La tragedia e le polemiche
Come è caduta la funivia del Mottarone, perché si è spezzato il cavo che ha causato la strage
Come fisico della materia, vi potrei parlare delle cause presunte della rottura del cavo della ferrovia di Stresa, del possibile affaticamento dei fili di acciaio attorcigliati che costituivano il cavo, o di microscopici danneggiamenti non diagnosticati. Ma sarebbero ipotesi, che accerteranno i periti incaricati dal tribunale di eseguire le indagini sui materiali. In ogni caso, il risultato è lo stesso. Un cavo ha ceduto per logoramento spontaneo o per l’usura indotta da un uso improprio. Un evento rarissimo, che non avrebbe avuto conseguenze drammatiche, se i sistemi di sicurezza non fossero stati disattivati.

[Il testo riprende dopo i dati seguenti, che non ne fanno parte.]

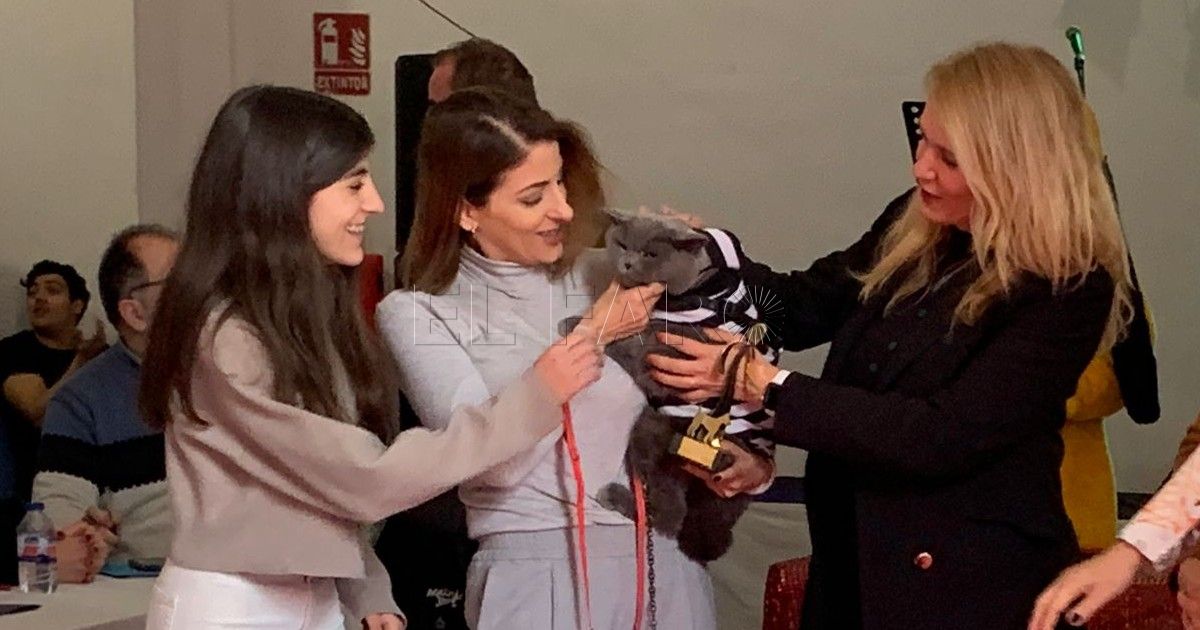 concursodisfrazmascotas Otto se corona como ganador del Concurso de Disfraces de Mascotas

Escludendo che qualcuno, anche tra coloro che hanno manomesso il sistema frenante, avrebbe desiderato arrecare danno ai passeggeri, come si è potuto verificare un disastro del genere? Cosa pensava(no) o cosa si augurava(no) che accadesse? Perché qualcosa hanno dovuto pensare o augurarsi, è impossibile che lo abbiano fatto in stato di perfetta incoscienza. Si tratta pur sempre di tecnici e, se un meccanico di auto toglie gli airbag o le luci di posteriori di frenata, indipendentemente dal motivo per cui lo fa, si rende ben conto delle possibili conseguenze. È di questo che voglio ragionare con voi.

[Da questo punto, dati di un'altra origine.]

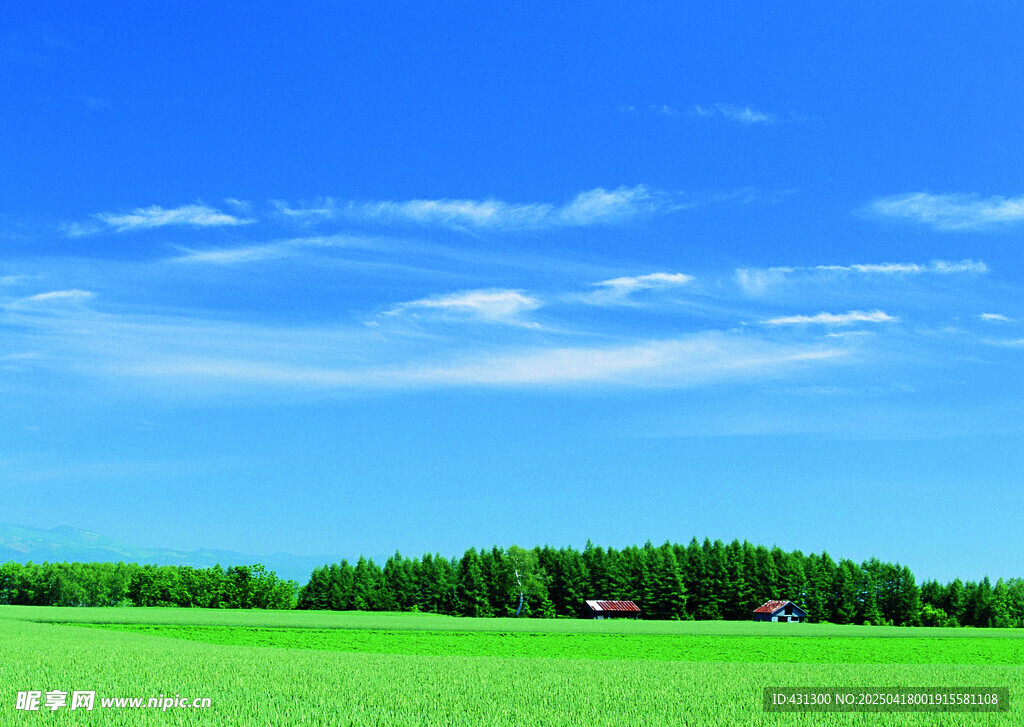 广袤绿野蓝天美景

Nessuno sa quando sia nata la disputa tra Fisici e Ingegneri. Ognuna delle due categorie sostiene di possedere l’approccio corretto alla soluzione dei problemi tecnologici. Si narra che un fisico e un ingegnere discutessero su come si sarebbe potuto stabilire il peso di un aeroplano “747”. Il fisico ipotizzò che dovesse esistere una bilancia per carichi eccezionali e che si sarebbe potuta utilizzare quella. In alternativa, si sarebbe potuto usare il metodo di Archimede, immergendo l’aeroplano in una enorme vasca o piscina, misurando la spinta idrostatica. O ancora, si sarebbe potuto far decollare l’aeroplano in assenza di vento, calcolando il rapporto tra la potenza dei motori al momento del distacco dal suolo e la sua portanza alare. Oppure…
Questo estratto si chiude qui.